Abstract

Assuring the success of their organizations is every manager's most important responsibility. It is feasible for an enterprise to hastily achieve its objectives and gain a competitive edge by integrating a sustainable CSR. This research project aimed to determine how corporate social responsibility affects an organization's performance. The following clear goals served as its guide: to ascertain how CSR's economic, environmental, social, and humanistic cultural dimensions affected the performance of Mt. Kenya University. A descriptive research design was employed in the study. The study's target audience was the management team entrusted with conceptualizing and operationalizing the adoption of corporate social responsibility.
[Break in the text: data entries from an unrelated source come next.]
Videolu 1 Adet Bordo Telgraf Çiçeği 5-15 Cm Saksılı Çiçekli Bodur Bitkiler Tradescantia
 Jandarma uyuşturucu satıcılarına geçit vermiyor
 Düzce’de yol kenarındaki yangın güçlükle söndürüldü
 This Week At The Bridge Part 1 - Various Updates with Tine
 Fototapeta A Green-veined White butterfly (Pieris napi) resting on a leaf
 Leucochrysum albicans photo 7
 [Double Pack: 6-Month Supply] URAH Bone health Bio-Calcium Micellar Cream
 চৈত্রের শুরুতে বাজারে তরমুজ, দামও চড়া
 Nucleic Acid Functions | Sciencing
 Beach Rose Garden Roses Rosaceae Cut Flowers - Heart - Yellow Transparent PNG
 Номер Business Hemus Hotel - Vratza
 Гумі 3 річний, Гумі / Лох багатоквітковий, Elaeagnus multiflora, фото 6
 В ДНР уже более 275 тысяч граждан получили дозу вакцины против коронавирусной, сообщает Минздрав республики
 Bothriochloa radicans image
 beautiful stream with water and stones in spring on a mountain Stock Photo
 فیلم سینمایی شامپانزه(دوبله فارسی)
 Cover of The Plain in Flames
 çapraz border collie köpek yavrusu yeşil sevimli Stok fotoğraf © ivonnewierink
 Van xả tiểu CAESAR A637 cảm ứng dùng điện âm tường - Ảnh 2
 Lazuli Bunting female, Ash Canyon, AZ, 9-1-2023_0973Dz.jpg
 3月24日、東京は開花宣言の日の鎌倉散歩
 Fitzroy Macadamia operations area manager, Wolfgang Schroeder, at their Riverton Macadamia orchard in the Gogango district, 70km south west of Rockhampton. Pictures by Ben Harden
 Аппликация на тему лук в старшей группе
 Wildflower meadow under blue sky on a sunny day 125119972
The university administrative structure served as a guide for the study area selection, explicitly targeting employees of all management offices. The study made the best use of the primary data, which was gathered using semi-structured questionnaires with open-ended and closed-ended questions. The questionnaires were distributed using the drop-and-pick technique. The data gathered from the questionnaire findings underwent both quantitative and qualitative cross examination. Descriptive statistical methods were used in quantitative analysis. The usage of frequencies, means, and percentages that were aggregated and displayed using tables, graphs, and charts were complemented by descriptive statistics. The linear regression model was incorporated to facilitate data analysis analyzed using SPSS version 24.0. Notably, the research reveals that increasing the economic dimension by one unit increases organizational performance by 0.158 points, the environmental dimension by 0.227 points, the social dimension by 0.590 points, and the humanistic cultural dimension by 0.442 points. The descriptive and correlational analyses indicate that CSR positively impacts all aspects of performance at MKU. In future studies, it is recommended that researchers examine the impact of CSR initiatives on the satisfaction of consumers as a dependent variable.